Lady Mary Primrose, Note
Lady Mary Primrose, Note The note, which is taped to the strathspey Lady Mary Primrose, reads: 'Lady Mary Primrose. This beautiful strain was composed by William Marshall & appeared in his collection as 'Invereshie'. We find it appears also in Nath Gow's coll: with the Strains reversed & altered little. Peter Milne did much to bring this exquisite morsel to the front, & welcome honesty and patriotism in sifting out all the corn from the chaff, deserves more than a passing notice.'
The Sadness of Life
The Sadness of Life This 'Eerie Pastoral' by Skinner, dated 10th September 1890, is dedicated to his friend and early mentor, Peter Milne. Milne, an opium addict, was an invalid for the last ten years of his life and died in 1908. Skinner has marked the music 'Grave & Intensely'and states that the music is to be played 'Hopelessly'. He has included a quote from Tennyson at the bottom of the page: 'Ah! That a man would arise in me That the man I am may cease to be'.
Dean Brig
Dean Brig Although Skinner credits Archie Allan of Forfar with the composition of The Dean Brig, this is not entirely certain. Allan died in 1831 aged 37. Skinner has made this copy in great haste - note the notes lacking stems in bars 9 and 10, as well as blots and splodges. It is very similar to the version which appears in Harp & Claymore. Skinner carries on the Peter Milne tribute theme here in the note at the bottom of the page: 'This, & many other beautiful old tunes, have been nursed & tended by Peter Milne.'
The Dean Brig o' Edinburgh
The Dean Brig o' Edinburgh This version of The Dean Brig makes an interesting comparison with JSS0035. There are only very minor differences: here, Skinner has added his characteristic flat slurs in bars 3, 7 and 15. He has thickened his accompaniment slightly with octaves. Bar 12 has a very slight melodic and rhythmic difference to the same bar in JSS0035.. Skinner's note at the end reads: 'Miss Gray of Carse is original title. The Rev Mr Tough exhibited his name in Davies Caledonian Repository with change of title. Mr Peter Milne undoubtedly made this fine Slow Strathspey popular.'
Fairbairns This slow strathspey was not composed by Skinner. He has left a space at the top of the manuscript for the composer's name, but this has not been inserted. Skinner started his career by playing cello accompaniments for Peter Milne. This is apparent in all his arrangements - he uses an extremely simple and basic bass line. In this case, he has even marked bars 1 and 3 with 'cello'. The note pasted on to the bottom of the manuscript reads: 'The last strain of above is used by street players as a part of 'Earl Grey' to which I must utter protest - When tradition is right, I defin'd it, with might - Earl Grey is a good tune bu it must stand by itself - S.S.'
Our Highland Queen
Our Highland Queen A short verse, defining the Victorian sentiment of the tune is pasted to the top LH corner: 'The blue bell may forget to spring, The Cold cease to blow; But Deeside men can ne'er forget The loyalty they owe. There are some differences between this and the version that appears in Harp & Claymore. Click on the audio link below to hear Skinner playing this melody.
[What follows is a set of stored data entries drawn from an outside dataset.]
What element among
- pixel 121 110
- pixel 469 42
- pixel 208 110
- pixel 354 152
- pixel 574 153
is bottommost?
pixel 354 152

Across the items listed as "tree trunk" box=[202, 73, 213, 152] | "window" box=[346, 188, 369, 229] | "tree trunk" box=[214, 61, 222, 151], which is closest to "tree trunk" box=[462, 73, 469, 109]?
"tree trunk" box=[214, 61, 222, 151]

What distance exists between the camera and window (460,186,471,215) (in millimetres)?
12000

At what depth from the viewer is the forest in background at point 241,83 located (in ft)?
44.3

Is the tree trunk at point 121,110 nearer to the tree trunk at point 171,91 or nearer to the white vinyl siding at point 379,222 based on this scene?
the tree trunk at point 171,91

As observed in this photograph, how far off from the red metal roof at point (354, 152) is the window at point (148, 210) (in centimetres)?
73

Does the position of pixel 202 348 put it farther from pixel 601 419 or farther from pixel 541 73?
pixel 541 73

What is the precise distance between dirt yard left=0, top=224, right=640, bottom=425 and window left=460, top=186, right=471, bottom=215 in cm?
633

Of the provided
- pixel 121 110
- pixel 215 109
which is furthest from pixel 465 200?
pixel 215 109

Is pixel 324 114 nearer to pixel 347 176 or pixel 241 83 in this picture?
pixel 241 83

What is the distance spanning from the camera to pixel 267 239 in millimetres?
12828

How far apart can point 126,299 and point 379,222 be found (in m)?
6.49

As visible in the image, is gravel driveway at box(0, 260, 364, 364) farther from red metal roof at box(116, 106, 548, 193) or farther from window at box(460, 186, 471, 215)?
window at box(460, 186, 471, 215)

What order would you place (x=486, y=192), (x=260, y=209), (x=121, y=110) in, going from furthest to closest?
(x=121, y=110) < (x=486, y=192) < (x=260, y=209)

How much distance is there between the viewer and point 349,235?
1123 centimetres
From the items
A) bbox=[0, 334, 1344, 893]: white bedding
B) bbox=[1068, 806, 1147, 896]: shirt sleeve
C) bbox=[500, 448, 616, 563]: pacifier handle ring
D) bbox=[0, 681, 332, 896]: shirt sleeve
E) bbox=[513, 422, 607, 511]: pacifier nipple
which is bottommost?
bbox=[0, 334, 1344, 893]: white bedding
My Bonnet Blue lies stained and Bloody, or The Farewell
My Bonnet Blue lies stained and Bloody, or The Farewell Skinner has given this dramatically titled piece some dramatic directions. To ensure that the performer gets the right degree of pathos, the directions are to play the tune very slowly and with 'intense and Patriotic feeling'. The many military campaigns involving Scottish soldiers which were mounted during the late Victorian era inspired a great deal of patriotic feeling. As well as providing an easier alternative to the penultimate bar, Skinner has also directed that this should be the very last melody in Harp & Claymore. The volume underwent many changes in content and layout, and My Bonnet Blue is not the final entry.
My Bonnet Blue lies stained and Bloody (verso)
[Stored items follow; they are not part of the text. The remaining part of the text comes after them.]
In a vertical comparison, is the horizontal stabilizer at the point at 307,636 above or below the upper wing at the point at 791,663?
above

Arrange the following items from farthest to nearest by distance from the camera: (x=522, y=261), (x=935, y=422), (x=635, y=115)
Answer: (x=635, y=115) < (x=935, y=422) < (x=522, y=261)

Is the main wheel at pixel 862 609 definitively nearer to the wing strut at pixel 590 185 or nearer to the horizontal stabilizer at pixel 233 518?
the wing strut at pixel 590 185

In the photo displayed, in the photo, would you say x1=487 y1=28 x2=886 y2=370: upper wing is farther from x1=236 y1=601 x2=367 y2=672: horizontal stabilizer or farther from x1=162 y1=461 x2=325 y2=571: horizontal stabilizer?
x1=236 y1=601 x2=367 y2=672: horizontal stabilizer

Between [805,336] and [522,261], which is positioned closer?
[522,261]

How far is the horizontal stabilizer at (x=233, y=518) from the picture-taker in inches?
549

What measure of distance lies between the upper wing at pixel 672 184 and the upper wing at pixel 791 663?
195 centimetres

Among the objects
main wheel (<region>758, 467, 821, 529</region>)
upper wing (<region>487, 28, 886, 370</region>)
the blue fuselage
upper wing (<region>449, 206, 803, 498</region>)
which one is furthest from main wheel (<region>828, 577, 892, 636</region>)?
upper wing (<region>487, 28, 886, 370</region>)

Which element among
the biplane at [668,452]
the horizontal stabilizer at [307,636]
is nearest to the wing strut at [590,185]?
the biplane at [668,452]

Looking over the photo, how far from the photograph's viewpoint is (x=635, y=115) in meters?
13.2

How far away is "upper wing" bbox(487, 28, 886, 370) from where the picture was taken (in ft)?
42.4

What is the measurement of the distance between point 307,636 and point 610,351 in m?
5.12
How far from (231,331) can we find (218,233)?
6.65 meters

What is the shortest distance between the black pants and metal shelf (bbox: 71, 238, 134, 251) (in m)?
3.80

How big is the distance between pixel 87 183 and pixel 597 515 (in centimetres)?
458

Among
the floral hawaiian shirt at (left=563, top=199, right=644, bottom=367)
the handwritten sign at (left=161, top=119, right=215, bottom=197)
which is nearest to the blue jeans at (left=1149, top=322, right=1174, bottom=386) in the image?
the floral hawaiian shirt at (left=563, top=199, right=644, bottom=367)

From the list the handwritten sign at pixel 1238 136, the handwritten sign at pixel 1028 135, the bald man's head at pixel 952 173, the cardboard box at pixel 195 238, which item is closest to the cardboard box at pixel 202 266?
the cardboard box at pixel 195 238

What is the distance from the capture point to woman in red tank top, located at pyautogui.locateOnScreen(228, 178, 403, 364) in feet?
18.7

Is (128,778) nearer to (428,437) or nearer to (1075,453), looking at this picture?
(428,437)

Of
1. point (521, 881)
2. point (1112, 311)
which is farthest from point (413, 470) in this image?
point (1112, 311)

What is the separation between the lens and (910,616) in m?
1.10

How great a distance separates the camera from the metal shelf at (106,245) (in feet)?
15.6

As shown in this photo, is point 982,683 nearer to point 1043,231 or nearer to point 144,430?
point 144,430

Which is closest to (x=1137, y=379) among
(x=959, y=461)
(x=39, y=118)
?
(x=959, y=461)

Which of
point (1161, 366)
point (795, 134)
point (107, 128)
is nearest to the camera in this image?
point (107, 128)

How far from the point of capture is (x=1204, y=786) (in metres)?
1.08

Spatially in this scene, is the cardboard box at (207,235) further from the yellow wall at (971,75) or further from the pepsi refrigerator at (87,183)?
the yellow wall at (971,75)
My Bonnet Blue lies stained and Bloody (verso) Letter to the Skinner's friend 'The Laird of Drumblair' which has been entirely crossed out: My dear Laird, 14 Melodies composed here!!! This one just hot, please appreciate the sentiment and place in the Harp & Claymore MS. Peter Milne tells me that I compose better than ever. Alas, poor Peter, Alas La Teste [who wrote many lyrics which Skinner set to music]. Off to dress for closing at Old Deer tonight. Dear Laird this air ought to be copied for you. Not sure of heat [uncertain] shift - yours aye Scott Skinner'.